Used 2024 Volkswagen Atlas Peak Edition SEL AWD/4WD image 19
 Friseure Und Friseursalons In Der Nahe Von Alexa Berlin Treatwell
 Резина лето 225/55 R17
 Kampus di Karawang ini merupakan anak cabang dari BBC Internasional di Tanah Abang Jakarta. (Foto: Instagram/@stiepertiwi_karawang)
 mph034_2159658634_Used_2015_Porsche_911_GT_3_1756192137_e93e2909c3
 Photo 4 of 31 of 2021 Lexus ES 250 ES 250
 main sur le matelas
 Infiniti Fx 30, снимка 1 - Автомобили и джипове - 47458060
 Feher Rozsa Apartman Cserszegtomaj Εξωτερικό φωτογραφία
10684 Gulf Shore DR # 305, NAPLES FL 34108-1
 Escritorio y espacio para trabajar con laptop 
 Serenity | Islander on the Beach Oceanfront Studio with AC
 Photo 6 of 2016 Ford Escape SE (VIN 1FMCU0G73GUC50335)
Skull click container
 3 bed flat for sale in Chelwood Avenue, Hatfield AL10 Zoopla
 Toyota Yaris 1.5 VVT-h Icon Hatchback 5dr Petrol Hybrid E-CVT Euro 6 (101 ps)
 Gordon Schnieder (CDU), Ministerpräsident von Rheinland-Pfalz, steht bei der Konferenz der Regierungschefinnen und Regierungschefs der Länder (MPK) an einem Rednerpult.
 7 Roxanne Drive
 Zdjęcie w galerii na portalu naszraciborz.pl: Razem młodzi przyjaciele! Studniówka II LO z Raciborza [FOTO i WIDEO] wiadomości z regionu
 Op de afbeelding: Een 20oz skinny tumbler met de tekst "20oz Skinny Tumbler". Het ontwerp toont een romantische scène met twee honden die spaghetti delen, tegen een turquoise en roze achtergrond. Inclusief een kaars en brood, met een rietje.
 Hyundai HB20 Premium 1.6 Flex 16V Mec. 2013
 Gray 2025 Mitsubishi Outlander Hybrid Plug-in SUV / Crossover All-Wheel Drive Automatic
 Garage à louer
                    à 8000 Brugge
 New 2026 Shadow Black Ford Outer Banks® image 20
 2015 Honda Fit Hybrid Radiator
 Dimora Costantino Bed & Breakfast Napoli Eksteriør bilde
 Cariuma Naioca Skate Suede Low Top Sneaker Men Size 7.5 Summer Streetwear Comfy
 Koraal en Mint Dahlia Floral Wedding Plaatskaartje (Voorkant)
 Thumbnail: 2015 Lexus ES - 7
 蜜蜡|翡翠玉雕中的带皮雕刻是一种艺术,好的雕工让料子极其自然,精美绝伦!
□ □ □ □
What this task involves
Copy out each line of the material that holds the word "Drive".

Written answer
 7 Roxanne Drive
 Gray 2025 Mitsubishi Outlander Hybrid Plug-in SUV / Crossover All-Wheel Drive Automatic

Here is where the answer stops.